Task to complete
In the data below, find the line that contains "Самоклеюча стінова PET" and the line that contains "STB70224.JPG". Copy both, plus every line between them, exactly.

--- Source material ---

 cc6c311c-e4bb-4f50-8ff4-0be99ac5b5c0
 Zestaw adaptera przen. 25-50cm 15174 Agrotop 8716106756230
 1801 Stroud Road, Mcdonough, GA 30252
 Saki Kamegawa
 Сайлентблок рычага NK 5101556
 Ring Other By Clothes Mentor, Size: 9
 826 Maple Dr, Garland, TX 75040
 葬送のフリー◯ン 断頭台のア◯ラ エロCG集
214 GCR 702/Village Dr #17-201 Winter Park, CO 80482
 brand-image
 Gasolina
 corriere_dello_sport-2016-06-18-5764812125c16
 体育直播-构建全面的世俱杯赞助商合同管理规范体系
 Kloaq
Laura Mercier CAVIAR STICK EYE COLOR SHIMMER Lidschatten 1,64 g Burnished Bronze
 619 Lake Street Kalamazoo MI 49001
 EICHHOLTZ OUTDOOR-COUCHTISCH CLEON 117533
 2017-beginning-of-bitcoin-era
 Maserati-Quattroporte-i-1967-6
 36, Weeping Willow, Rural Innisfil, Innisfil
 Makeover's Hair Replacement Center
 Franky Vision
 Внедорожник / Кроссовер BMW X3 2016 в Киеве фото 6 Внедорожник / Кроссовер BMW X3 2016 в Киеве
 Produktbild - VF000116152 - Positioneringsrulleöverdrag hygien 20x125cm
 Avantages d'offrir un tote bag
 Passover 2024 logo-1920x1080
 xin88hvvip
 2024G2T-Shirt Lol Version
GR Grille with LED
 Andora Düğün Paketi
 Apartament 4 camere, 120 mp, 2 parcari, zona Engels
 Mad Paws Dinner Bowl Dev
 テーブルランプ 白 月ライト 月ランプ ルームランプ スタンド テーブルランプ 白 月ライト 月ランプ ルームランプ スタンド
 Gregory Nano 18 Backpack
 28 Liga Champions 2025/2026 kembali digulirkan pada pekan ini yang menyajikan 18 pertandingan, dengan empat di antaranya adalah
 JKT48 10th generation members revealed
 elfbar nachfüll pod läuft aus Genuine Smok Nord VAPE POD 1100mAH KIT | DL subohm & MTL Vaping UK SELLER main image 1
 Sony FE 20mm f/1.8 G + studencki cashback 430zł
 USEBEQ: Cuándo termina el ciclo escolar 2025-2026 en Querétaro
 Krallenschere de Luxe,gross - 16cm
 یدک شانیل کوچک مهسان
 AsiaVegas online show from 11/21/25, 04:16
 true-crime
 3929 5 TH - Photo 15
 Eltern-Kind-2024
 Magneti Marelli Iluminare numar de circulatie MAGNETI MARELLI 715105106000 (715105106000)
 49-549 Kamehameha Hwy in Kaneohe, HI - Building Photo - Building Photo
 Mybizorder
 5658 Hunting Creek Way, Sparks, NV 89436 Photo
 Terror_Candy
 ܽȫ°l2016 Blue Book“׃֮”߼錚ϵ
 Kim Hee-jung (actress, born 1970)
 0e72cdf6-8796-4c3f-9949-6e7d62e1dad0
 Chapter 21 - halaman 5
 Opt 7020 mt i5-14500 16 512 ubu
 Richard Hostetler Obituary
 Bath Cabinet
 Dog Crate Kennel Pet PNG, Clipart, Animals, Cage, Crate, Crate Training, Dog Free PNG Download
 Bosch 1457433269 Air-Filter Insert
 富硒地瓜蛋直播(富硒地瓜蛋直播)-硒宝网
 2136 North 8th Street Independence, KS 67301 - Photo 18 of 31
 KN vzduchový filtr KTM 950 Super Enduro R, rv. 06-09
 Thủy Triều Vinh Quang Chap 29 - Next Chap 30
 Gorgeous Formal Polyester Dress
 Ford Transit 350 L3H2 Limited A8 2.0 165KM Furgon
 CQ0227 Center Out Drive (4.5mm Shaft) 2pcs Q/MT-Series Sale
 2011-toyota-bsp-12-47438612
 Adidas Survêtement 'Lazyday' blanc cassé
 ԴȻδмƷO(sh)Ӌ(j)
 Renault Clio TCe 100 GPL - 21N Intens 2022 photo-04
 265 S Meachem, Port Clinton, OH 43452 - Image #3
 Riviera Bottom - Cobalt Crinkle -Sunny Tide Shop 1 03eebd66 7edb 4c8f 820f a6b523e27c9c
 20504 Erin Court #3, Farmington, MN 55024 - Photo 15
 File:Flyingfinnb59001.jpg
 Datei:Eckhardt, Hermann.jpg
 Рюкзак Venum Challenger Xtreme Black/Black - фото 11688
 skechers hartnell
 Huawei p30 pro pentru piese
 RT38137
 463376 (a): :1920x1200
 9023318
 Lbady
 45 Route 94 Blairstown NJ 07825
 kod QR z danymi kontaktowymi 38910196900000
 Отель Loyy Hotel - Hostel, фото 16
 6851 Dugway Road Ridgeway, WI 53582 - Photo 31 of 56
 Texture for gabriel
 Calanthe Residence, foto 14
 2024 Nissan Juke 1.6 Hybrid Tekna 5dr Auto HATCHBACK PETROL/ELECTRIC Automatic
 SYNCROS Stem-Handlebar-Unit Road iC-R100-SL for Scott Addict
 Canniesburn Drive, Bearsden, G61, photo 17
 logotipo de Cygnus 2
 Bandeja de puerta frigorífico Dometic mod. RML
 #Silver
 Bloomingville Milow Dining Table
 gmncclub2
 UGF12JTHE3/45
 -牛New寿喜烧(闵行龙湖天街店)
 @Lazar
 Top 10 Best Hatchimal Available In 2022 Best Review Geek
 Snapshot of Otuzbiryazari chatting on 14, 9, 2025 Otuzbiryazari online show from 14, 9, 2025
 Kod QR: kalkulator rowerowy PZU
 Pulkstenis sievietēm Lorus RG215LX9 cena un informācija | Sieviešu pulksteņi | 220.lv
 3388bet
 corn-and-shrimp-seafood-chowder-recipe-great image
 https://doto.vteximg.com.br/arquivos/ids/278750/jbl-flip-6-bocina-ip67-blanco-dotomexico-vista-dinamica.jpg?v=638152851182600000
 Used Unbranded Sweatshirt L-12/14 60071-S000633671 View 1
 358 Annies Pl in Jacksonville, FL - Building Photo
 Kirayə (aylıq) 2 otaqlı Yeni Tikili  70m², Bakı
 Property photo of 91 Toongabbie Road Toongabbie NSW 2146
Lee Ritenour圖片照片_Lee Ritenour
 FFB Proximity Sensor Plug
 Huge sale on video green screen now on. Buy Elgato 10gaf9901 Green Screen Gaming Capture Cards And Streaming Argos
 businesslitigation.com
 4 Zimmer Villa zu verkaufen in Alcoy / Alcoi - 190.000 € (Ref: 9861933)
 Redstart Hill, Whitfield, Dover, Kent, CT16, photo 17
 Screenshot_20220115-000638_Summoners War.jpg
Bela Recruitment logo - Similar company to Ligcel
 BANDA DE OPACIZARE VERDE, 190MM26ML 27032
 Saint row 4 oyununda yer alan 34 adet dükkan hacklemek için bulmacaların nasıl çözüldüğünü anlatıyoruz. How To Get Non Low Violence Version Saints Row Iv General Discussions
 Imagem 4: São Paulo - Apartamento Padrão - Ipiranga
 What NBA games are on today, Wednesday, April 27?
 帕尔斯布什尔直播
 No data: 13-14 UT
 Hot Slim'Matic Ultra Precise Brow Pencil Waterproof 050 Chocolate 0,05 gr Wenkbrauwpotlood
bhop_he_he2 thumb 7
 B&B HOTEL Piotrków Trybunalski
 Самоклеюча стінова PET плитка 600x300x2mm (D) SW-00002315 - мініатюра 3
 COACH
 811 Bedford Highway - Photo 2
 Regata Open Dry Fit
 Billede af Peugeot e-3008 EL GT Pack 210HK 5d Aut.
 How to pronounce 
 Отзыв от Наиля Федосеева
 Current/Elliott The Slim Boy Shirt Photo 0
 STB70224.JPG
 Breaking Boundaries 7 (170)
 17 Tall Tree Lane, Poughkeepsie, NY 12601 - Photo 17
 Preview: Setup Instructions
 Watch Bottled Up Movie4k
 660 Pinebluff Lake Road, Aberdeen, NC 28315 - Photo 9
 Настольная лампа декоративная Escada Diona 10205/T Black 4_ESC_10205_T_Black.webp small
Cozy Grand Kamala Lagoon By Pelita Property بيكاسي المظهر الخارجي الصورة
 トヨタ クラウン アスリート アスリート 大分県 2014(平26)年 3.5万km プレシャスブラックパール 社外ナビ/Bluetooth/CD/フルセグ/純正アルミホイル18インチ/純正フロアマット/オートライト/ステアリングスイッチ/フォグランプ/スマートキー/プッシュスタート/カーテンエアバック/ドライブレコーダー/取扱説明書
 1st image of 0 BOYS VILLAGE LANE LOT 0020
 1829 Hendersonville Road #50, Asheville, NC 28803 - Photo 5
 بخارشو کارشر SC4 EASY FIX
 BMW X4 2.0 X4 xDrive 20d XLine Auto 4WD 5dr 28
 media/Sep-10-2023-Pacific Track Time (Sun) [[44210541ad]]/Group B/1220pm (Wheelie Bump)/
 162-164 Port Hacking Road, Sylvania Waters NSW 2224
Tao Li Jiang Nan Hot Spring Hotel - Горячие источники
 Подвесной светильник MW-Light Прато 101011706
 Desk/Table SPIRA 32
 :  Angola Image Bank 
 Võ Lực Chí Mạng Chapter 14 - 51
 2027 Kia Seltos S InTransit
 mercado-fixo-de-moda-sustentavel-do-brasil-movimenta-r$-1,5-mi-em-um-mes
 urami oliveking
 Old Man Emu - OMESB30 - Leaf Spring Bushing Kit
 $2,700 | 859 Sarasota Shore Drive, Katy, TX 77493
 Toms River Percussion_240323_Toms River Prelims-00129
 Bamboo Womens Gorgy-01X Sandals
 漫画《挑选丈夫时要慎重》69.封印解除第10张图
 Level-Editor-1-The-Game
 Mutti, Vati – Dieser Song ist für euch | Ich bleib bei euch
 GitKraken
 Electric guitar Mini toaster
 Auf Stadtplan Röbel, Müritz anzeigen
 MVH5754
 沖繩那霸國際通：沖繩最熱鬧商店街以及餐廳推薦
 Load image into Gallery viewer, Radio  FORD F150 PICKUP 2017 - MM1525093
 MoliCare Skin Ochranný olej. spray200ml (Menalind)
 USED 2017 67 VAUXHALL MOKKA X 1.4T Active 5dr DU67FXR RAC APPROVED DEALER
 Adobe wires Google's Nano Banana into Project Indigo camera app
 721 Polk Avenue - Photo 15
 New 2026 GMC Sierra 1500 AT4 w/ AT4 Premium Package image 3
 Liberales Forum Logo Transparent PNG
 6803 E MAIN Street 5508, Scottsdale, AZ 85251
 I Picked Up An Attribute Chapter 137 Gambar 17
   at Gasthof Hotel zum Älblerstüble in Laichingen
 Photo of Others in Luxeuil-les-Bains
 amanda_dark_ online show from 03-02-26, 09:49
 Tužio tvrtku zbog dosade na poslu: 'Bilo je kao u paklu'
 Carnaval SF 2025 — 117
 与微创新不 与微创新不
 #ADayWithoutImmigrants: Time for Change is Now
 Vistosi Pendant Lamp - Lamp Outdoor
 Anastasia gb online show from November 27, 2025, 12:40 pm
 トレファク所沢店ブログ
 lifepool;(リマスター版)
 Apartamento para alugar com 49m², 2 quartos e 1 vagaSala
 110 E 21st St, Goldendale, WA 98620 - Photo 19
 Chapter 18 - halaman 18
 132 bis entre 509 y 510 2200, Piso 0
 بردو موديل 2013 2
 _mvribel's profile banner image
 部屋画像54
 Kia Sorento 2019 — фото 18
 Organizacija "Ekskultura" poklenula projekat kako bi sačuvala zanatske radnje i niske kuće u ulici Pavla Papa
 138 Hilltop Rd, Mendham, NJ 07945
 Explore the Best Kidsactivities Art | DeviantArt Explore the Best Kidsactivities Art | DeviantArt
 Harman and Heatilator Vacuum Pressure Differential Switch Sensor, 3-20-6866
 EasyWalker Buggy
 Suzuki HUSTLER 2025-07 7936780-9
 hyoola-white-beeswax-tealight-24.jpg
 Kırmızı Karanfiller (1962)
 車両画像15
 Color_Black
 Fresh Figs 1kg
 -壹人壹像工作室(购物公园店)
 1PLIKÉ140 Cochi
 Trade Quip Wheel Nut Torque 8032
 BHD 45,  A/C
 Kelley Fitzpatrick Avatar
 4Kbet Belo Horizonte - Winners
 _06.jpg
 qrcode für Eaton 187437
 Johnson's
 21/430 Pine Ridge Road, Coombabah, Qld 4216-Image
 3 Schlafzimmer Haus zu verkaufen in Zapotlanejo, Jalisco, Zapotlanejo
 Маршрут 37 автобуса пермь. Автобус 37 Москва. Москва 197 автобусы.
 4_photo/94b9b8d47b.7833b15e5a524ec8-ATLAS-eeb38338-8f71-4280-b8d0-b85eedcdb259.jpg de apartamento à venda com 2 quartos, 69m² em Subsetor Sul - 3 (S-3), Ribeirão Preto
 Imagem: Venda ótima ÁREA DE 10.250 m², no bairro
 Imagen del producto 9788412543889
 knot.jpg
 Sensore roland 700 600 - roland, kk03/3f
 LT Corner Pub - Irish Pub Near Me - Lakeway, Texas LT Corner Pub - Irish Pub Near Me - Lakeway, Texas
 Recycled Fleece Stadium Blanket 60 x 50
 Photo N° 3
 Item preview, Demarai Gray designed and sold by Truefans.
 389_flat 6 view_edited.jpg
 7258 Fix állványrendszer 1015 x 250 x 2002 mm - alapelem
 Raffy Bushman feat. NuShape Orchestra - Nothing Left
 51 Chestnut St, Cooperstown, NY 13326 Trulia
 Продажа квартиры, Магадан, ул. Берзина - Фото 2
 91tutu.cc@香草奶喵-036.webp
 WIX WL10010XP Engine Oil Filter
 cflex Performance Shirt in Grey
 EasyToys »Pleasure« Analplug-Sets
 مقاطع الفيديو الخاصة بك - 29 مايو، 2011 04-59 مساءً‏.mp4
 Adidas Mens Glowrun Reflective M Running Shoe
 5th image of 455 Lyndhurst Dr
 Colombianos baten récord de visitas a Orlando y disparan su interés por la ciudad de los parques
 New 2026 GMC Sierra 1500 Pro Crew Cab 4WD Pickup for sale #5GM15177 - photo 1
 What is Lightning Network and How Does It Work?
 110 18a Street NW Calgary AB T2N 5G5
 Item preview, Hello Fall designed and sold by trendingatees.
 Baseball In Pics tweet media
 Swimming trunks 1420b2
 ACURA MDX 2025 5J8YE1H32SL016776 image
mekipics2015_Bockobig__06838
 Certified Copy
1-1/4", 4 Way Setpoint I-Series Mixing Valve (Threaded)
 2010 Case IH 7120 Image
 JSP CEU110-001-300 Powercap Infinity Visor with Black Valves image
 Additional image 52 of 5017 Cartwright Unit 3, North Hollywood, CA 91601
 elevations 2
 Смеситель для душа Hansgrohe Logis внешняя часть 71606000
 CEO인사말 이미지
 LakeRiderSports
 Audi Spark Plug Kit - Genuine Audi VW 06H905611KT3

---

Solution to this task
 Самоклеюча стінова PET плитка 600x300x2mm (D) SW-00002315 - мініатюра 3
 COACH
 811 Bedford Highway - Photo 2
 Regata Open Dry Fit
 Billede af Peugeot e-3008 EL GT Pack 210HK 5d Aut.
 How to pronounce 
 Отзыв от Наиля Федосеева
 Current/Elliott The Slim Boy Shirt Photo 0
 STB70224.JPG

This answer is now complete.